Complex Regional Pain Syndrome


Complex Regional Pain Syndrome (CRPS) is a neuropathic pain disorder defined by the presence of distinct clinical features including allodynia, hyperalgesia, sudomotor and vasomotor abnormalities, and trophic changes. The pain experienced is disproportionate to the degree of tissue injury and persists beyond the normal expected time for tissue healing. The pathophysiology is multifactorial and involves pain dysregulation in both the sympathetic and central nervous systems, with likely genetic, inflammatory and psychological contributions.  

There are two subtypes: type I, formerly known as reflex sympathetic dystrophy, and type II, formerly known as causalgia. Type I occurs in the absence of nerve trauma, while type II occurs in the setting of known nerve trauma. Clinically they are indistinguishable and follow a regional rather than a dermatomal or peripheral nerve distribution and favor the distal extremities, though spread outside of the initially affected area commonly occurs to the proximal or contralateral limb.  CRPS is further subdivided into "warm" versus "cold," and sympathetically-maintained (SMP) versus sympathetically-independent (SIP), which may affect prognosis and treatment options.[1]


CRPS occurs as a result of varying degrees or types of tissue trauma but has even been documented in the absence of injury or due to periods of prolonged immobilization. The most common injury associated with developing CRPS is a fracture which occurs in > 40% of CRPS cases. Other common inciting injuries or insults include sprains, contusions, crush injuries, and surgery. CPRS even has been reported to arise after seemingly innocuous interventions such as intravenous line placement.
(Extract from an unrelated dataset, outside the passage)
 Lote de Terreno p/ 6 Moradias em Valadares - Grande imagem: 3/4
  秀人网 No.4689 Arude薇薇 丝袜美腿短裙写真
Increased psychological distress experienced during the physical injury associated with the onset of CRPS may affect its severity and prognosis.  


Using the 1994 International Association for the Study of Pain (IASP) diagnostic criteria, the incidence of CRPS in the United States was noted to be 5.46 per 100,000 person-years for CRPS type I and 0.82 per 100,000 person-years for CRPS type II, with CRPS to be three to four times more common in women than in men, more common in the upper limbs, and with a peak incidence at 50-70 years of age. Of note, the modification of the IASP diagnostic criteria for CRPS in 2012 has been shown to reduce diagnostic rates by 50%.[1]  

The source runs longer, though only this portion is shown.